Hnes was a large family, ruled of course by Gan, and by Kma, his eldest, and lady Na; and there were others of the house too, one son being away at sea. There was the aged
chan,
Dek, his two daughters and several grandchildren; Gan’s second son Lel and his wife Pym and concubine Tekje h’Hnes; Lel’s daughter Imue, a charming child of about twelve, who might be the daughter of either of his two wives: she had Tekje’s Sufak-tilted eyes, but sat beside Pym and treated both her mothers with respectful affection; and there were two small boys, both sons of Lel.
The first round of tea was passed with quiet conversation. The nemet were curious about Kurt, the children actually frightened; but the elders smoothed matters over with courtesy.
Then came the second round, and the ladies left with the children, all but lady Na, the first lady of Hnes, whose opinion was of equal weight with that of the elder men.
“Kta,” began the lord of Hnes cautiously, “how long are you out from Nephane?”
“Nigh to fifteen days.”
“Then,” said the old man, “you were there to be part of the sad tale which has reached us.”
“Elas no longer exists in Nephane, my lord, and I am exiled.

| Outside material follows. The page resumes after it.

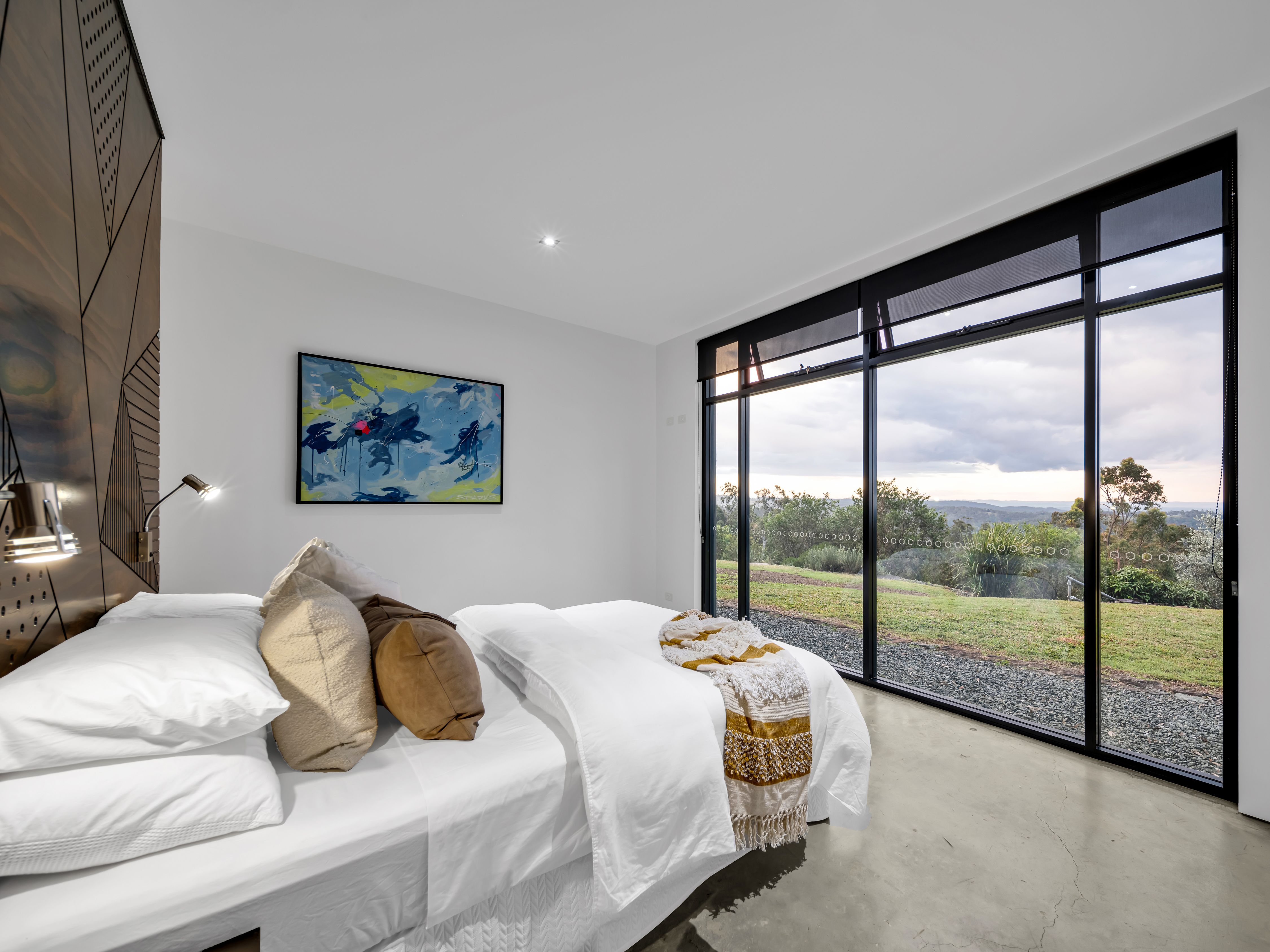 Architectural Masterpiece with Panoramic Glasshouse Mountain Views — photo 20 of 28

My parents and the
chan
are dead.”
“You are in the house of friends,” said Gan t’Hnes. “
Ai,
that I should have lived to see such a day. I loved your father as my great friend, Kta, and I love you as if you were one of my own. Name the ones to blame for this.”
“The names are too high to curse, my lord.”
“No one is beyond the reach of heaven.”
“I would not have all Nephane cursed for my sake. The ones responsible are the Methi Djan and her Sufaki lover Shan t’Tefur u Tlekef. I have sworn undying enmity between Elas and the Chosen of Heaven, and a bloodfeud between Elas and the house of Tefur, but I chose exile. If I had intended war, I could have raised war that night in the streets of Nephane. So might my father, and chose to die rather than that. I honor his self-restraint.”